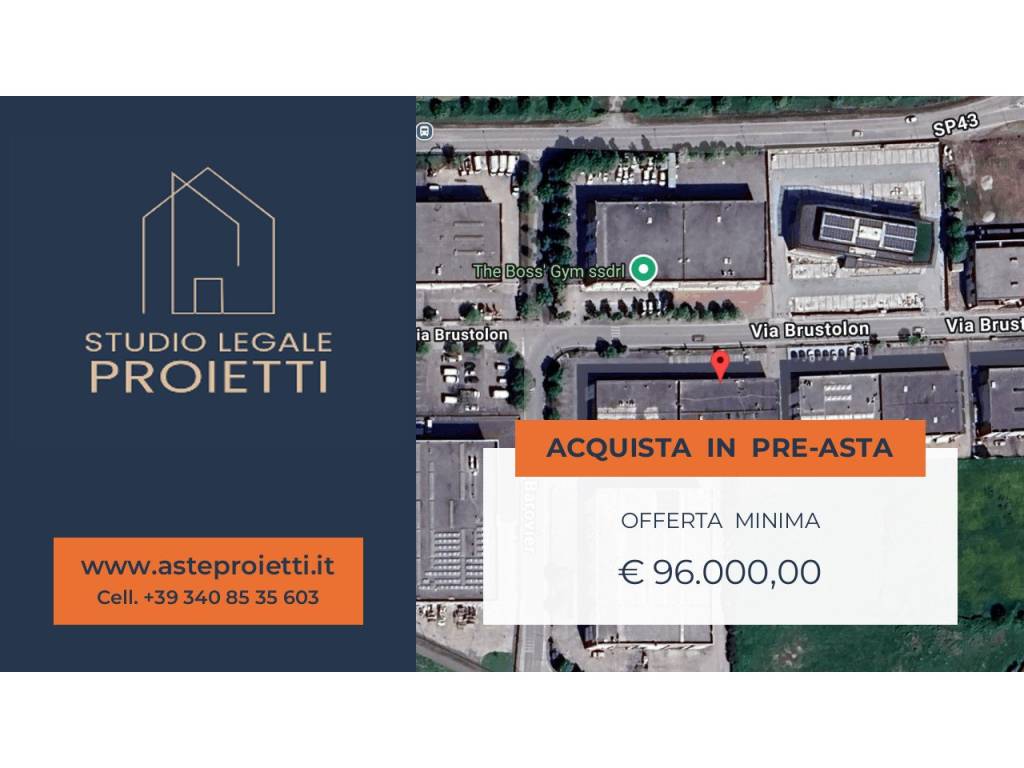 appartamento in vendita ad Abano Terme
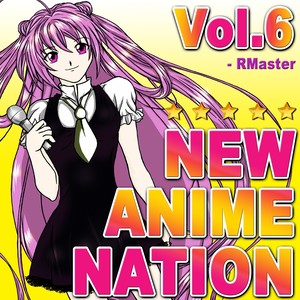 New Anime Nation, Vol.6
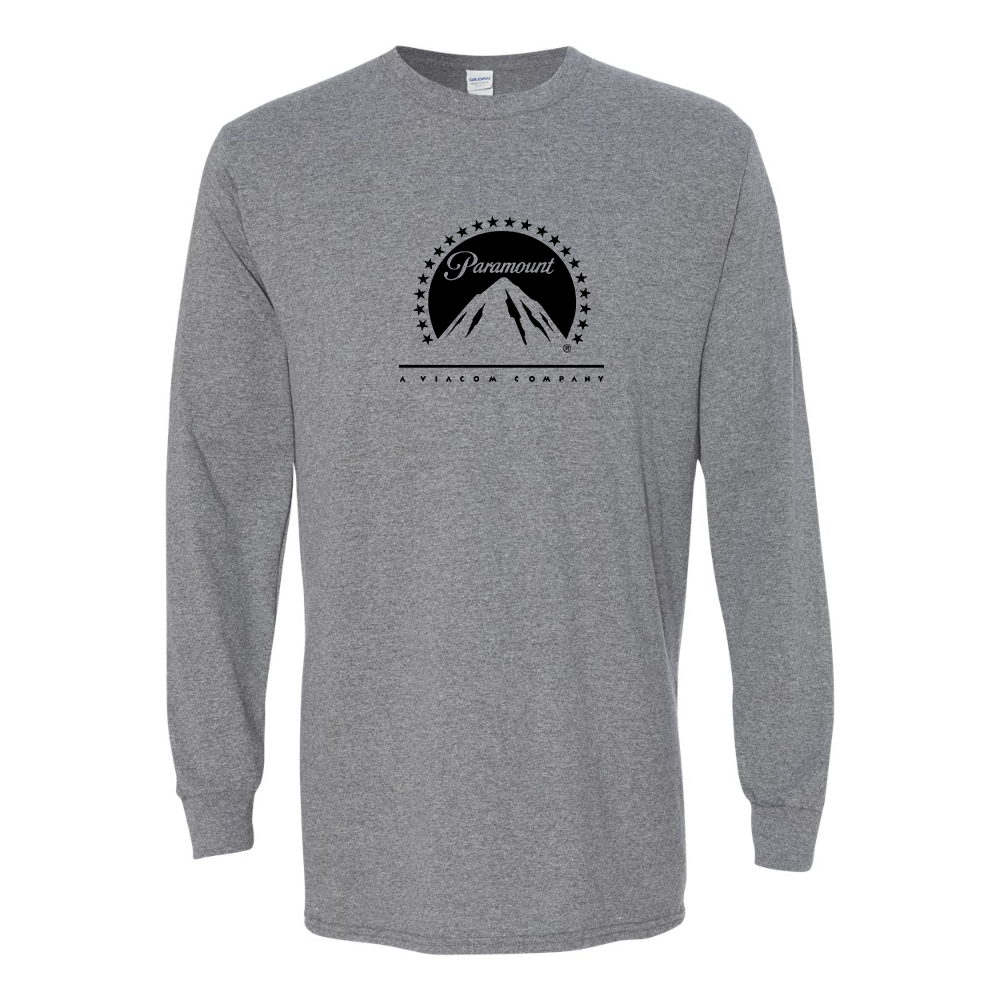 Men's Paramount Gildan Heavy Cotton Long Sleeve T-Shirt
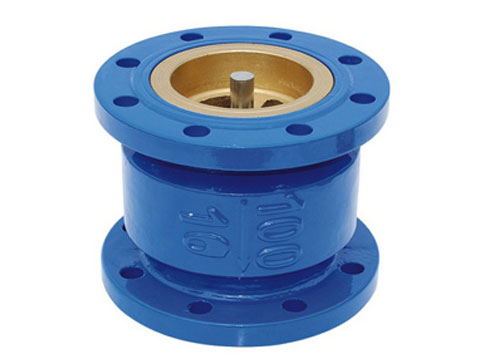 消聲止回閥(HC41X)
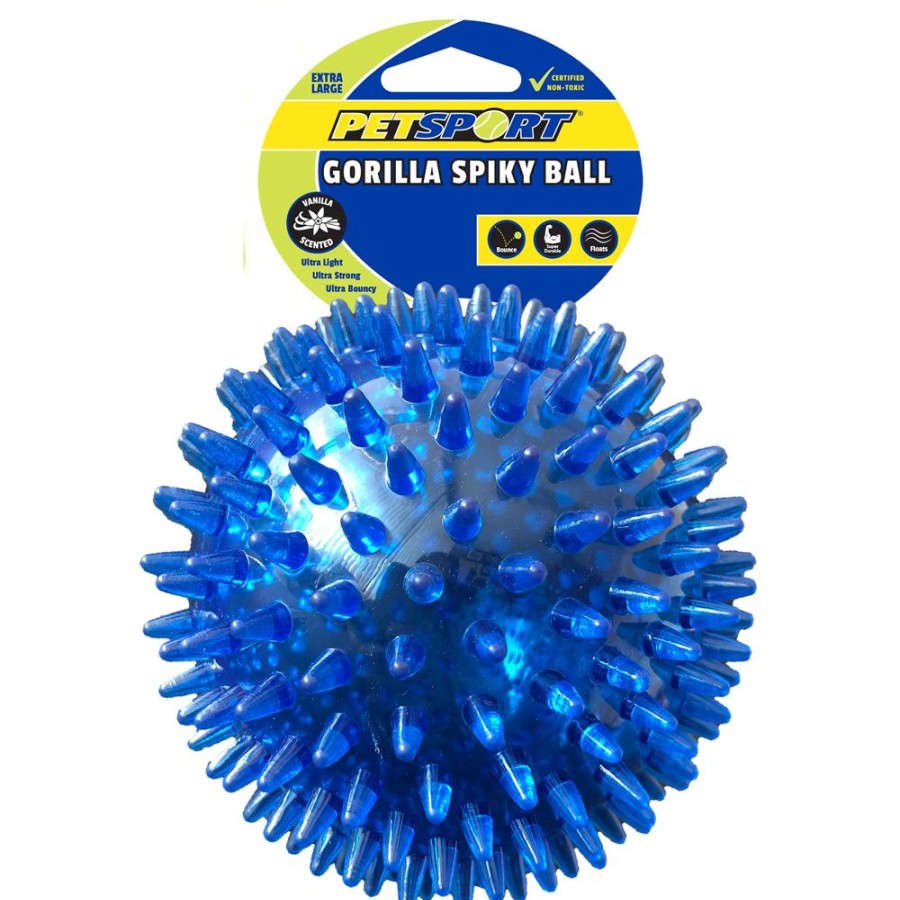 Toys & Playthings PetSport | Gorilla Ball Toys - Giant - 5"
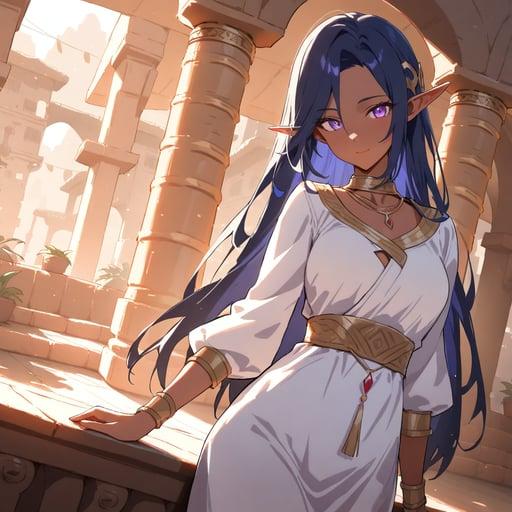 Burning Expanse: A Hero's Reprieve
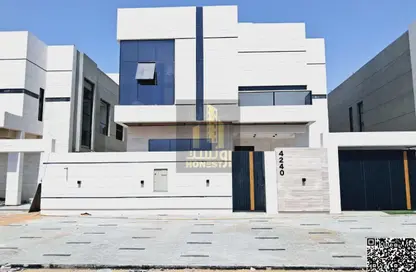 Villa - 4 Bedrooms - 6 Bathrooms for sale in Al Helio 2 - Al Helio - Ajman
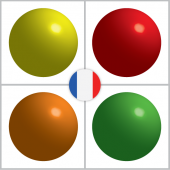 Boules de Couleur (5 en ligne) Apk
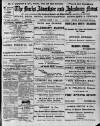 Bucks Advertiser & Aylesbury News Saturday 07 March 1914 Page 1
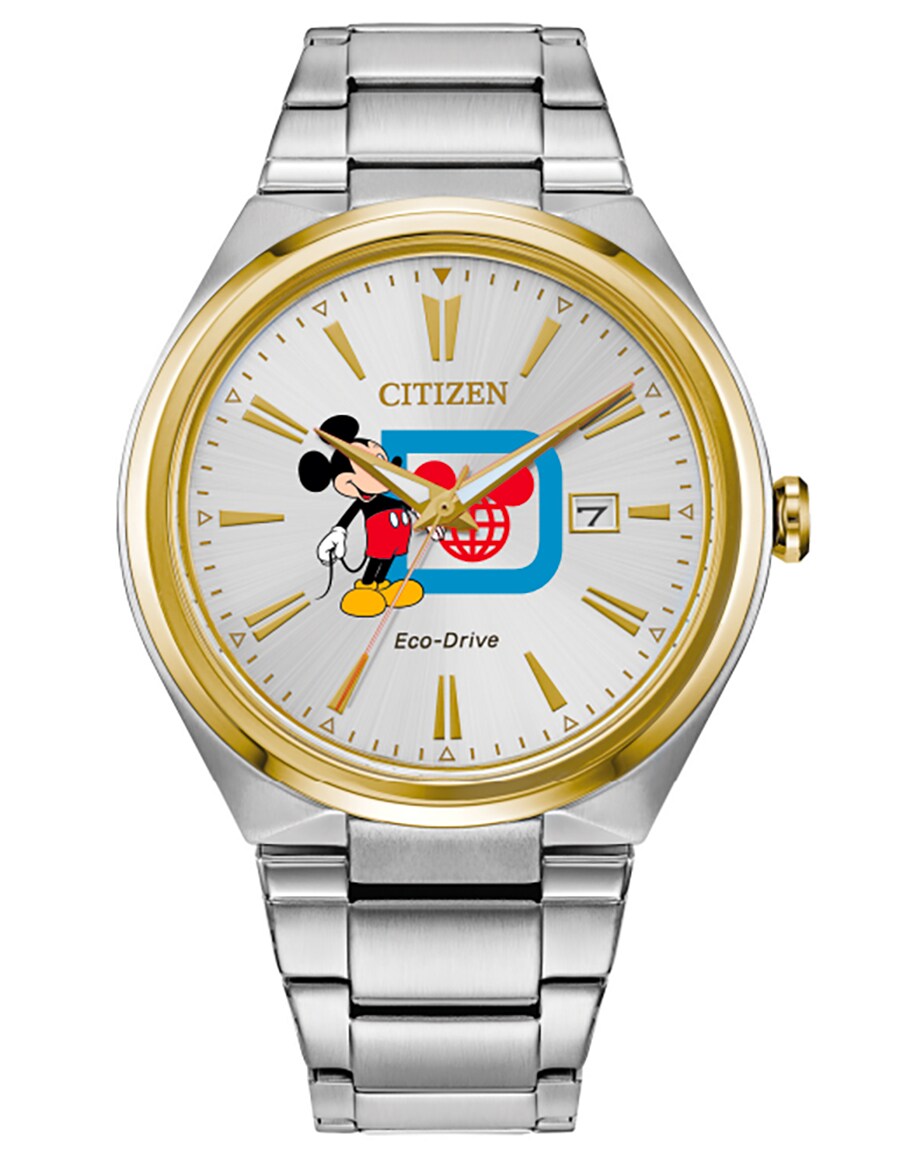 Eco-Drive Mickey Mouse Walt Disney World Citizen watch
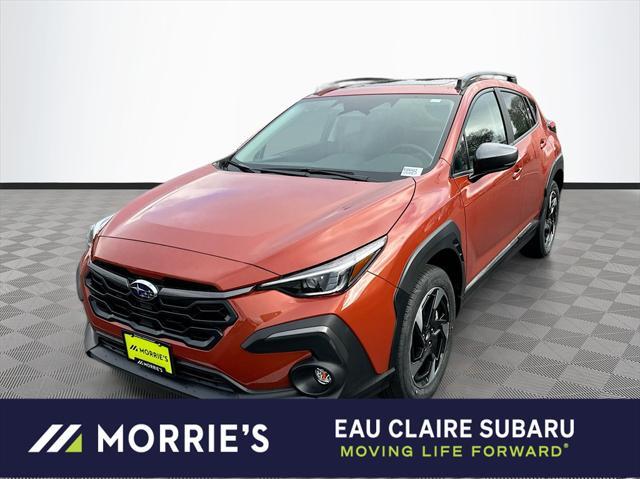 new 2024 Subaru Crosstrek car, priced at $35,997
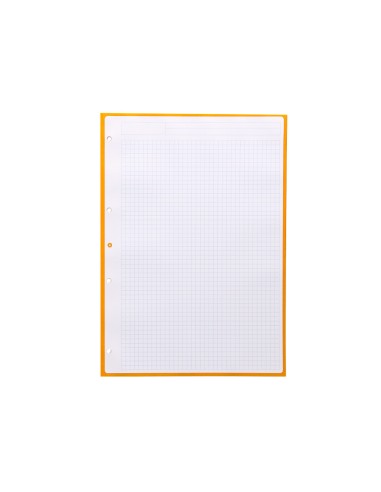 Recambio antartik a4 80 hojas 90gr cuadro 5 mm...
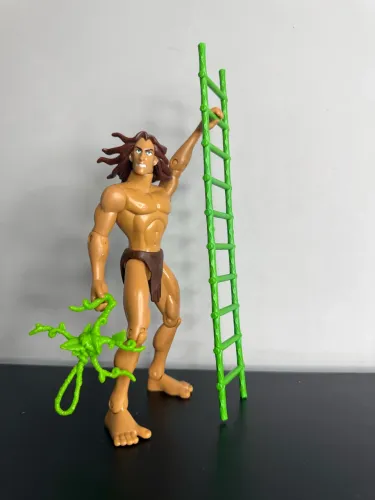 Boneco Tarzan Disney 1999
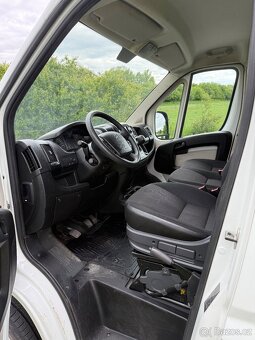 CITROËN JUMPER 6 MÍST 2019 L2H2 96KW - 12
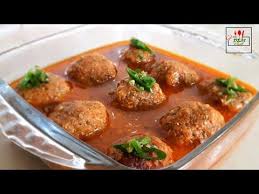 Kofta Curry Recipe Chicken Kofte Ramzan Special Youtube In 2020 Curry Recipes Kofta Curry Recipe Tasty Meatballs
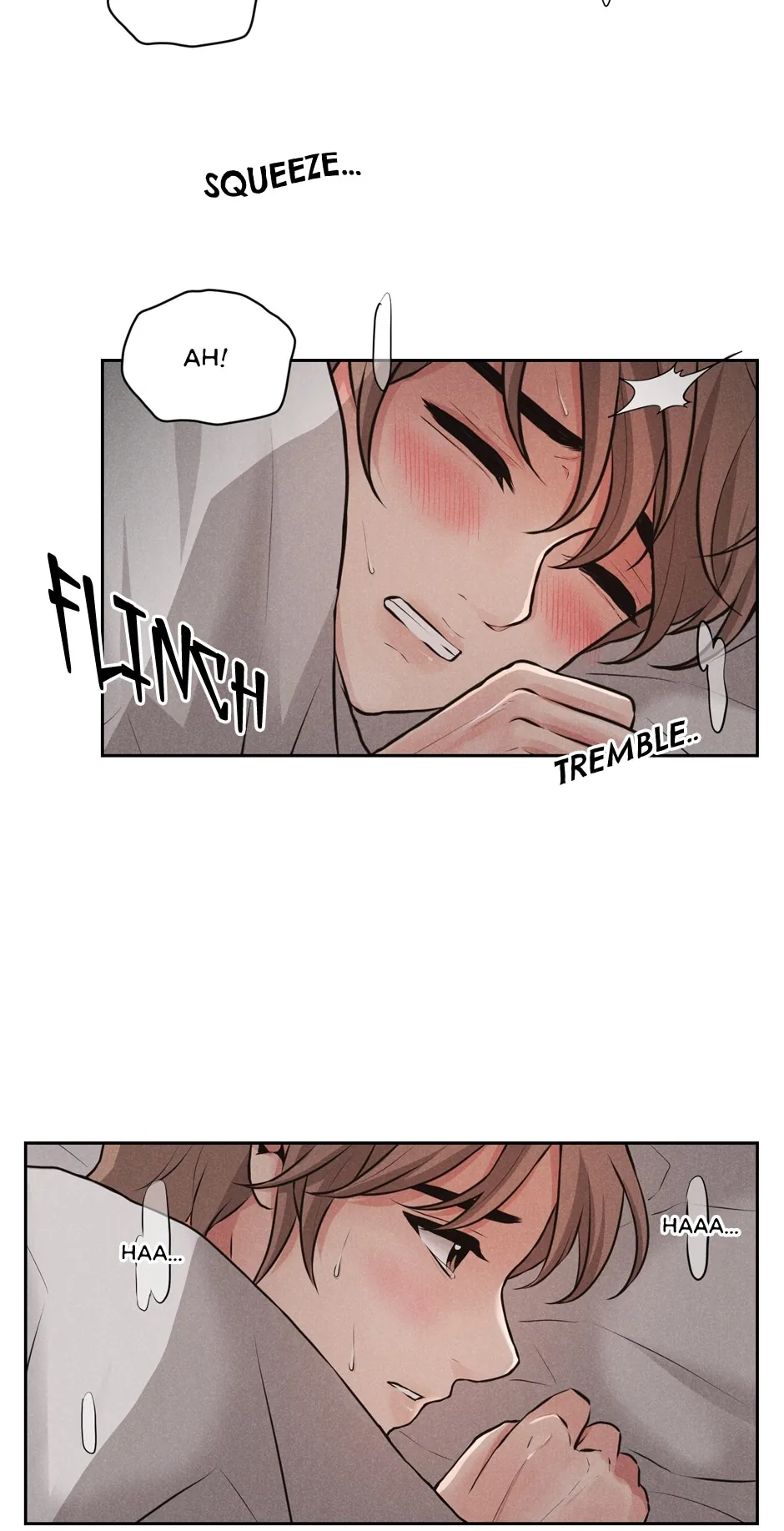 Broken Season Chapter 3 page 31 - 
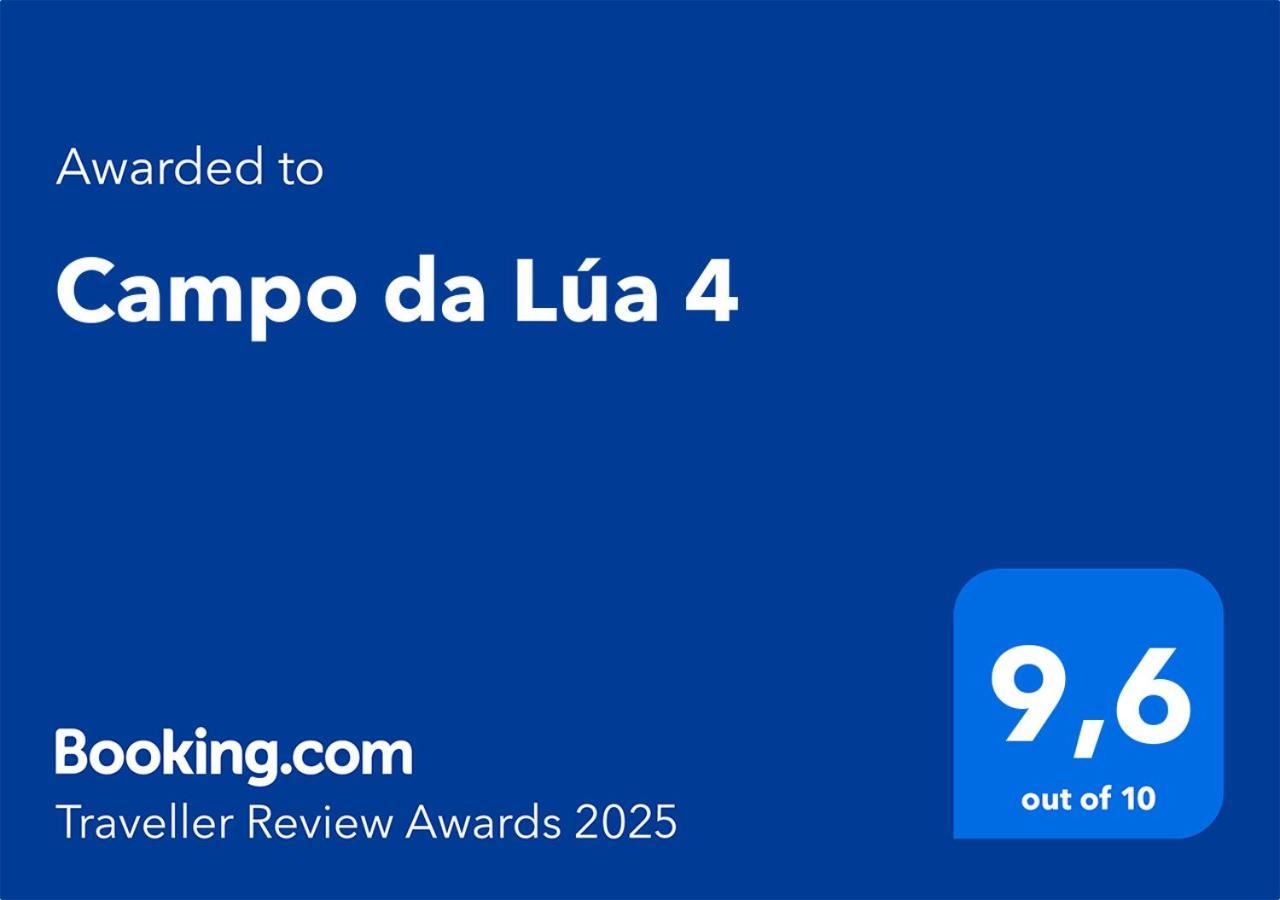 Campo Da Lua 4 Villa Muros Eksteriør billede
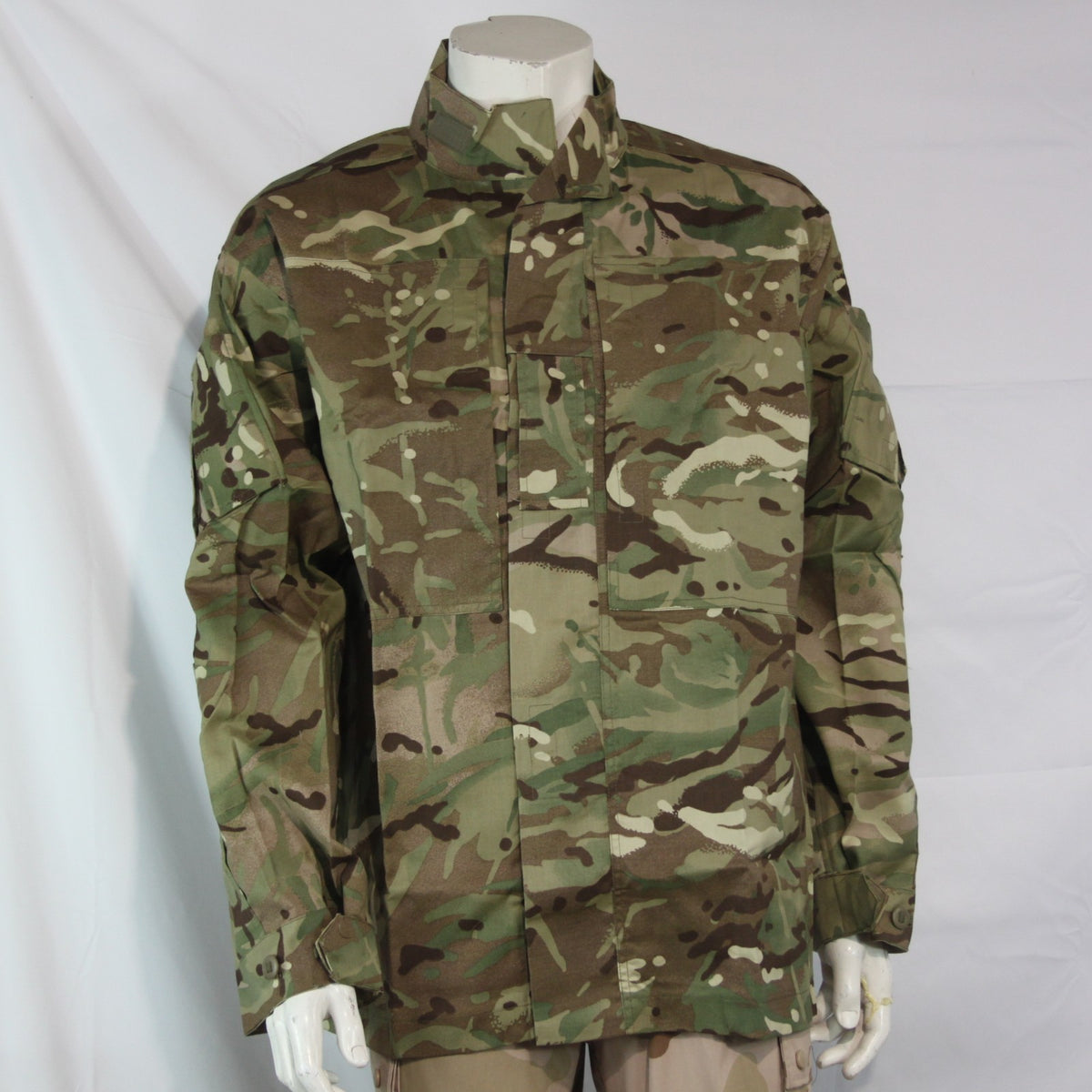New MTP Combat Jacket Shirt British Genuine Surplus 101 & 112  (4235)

(TRY IT)
If pictures appear in the data, omit them and copy all other parts exactly.

(REPLY TO THE TASK)
 appartamento in vendita ad Abano Terme
 New Anime Nation, Vol.6
 Men's Paramount Gildan Heavy Cotton Long Sleeve T-Shirt
 消聲止回閥(HC41X)
 Toys & Playthings PetSport | Gorilla Ball Toys - Giant - 5"
 Burning Expanse: A Hero's Reprieve
 Villa - 4 Bedrooms - 6 Bathrooms for sale in Al Helio 2 - Al Helio - Ajman
 Boules de Couleur (5 en ligne) Apk
 Bucks Advertiser & Aylesbury News Saturday 07 March 1914 Page 1
 Eco-Drive Mickey Mouse Walt Disney World Citizen watch
 new 2024 Subaru Crosstrek car, priced at $35,997
 Recambio antartik a4 80 hojas 90gr cuadro 5 mm...
 Boneco Tarzan Disney 1999
 CITROËN JUMPER 6 MÍST 2019 L2H2 96KW - 12
 Kofta Curry Recipe Chicken Kofte Ramzan Special Youtube In 2020 Curry Recipes Kofta Curry Recipe Tasty Meatballs
 Broken Season Chapter 3 page 31 - 
 Campo Da Lua 4 Villa Muros Eksteriør billede
New MTP Combat Jacket Shirt British Genuine Surplus 101 & 112  (4235)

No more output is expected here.